De acordo com os dados provisórios da Autoridade Nacional de Segurança Rodoviária (ANSR), o balanço da sinistralidade rodoviária em Portugal revela um agravamento dos indicadores de mortalidade. No período compreendido entre o início do ano e meados de junho, contabilizaram-se 70.117 acidentes, o que representa um acréscimo de cerca de seis mil ocorrências em comparação com 2025. Este cenário traduziu-se em 227 óbitos declarados no local ou no percurso hospitalar, o que significa mais 46 mortes do que no período homólogo.
A distribuição geográfica da mortalidade coloca o distrito de Lisboa no topo da sinistralidade com 32 vítimas, seguido por Leiria, Santarém e Porto, cada um com 22 mortes registadas.

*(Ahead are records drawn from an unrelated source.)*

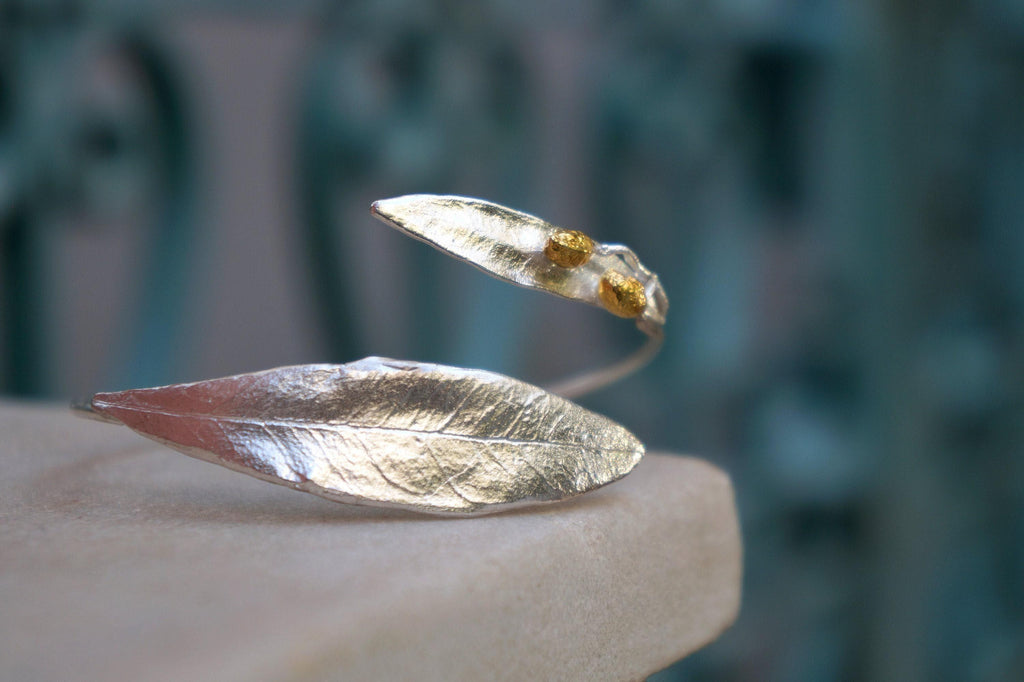 Silver Olive Branch Bracelet for Women, Bridal Jewelry in Sterling Silver.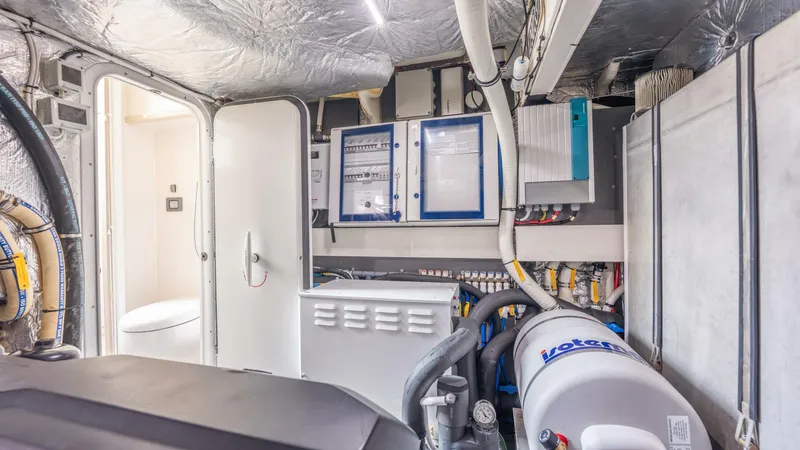 Slide: The Image of Absolute 58 Fly 2019 - 5971809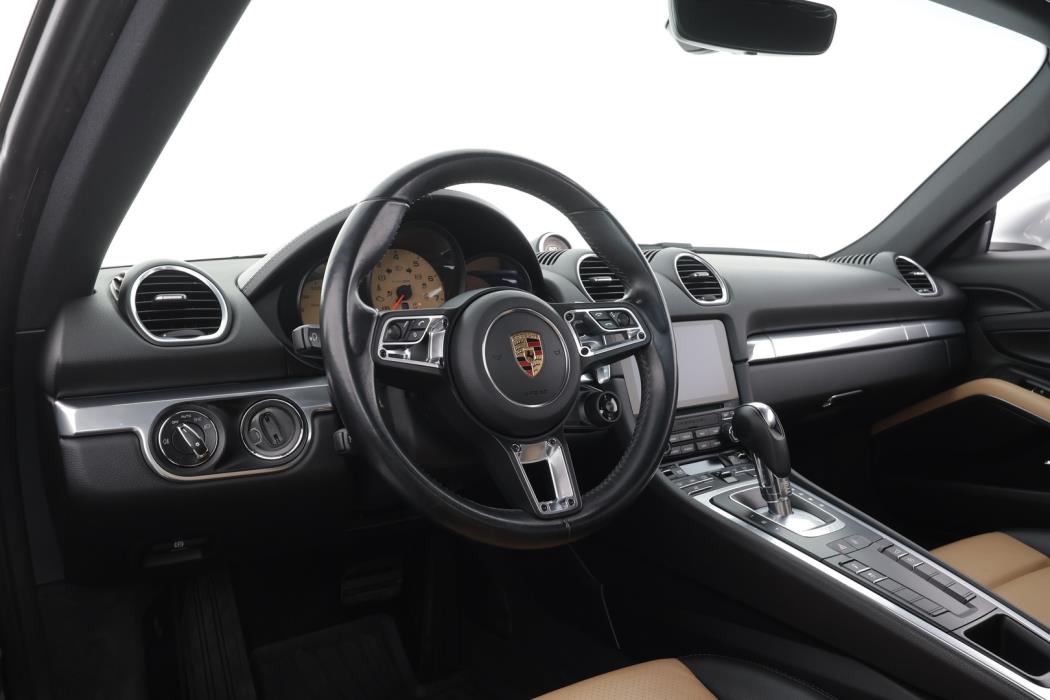 PORSCHE 718 2018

Ao nível dos danos físicos, verificou-se também um aumento no número de feridos graves, totalizando 1.191 pessoas, o que corresponde a um incremento de 31 casos. Em sentido inverso, o volume de feridos ligeiros registou uma descida marginal de 395 ocorrências, fixando-se em 19.128 vítimas durante este intervalo temporal.
Face a estes indicadores, o Governo colocou em consulta pública a Estratégia Nacional de Segurança Rodoviária denominada Visão Zero 2030. Este plano estratégico estabelece como meta intercalar a redução de 50% nas mortes e ferimentos graves até ao final da década, visando o objetivo último de eliminar totalmente as vítimas mortais nas estradas nacionais até ao ano de 2050. A iniciativa foca-se na melhoria das infraestruturas e na fiscalização para inverter a tendência atual de crescimento.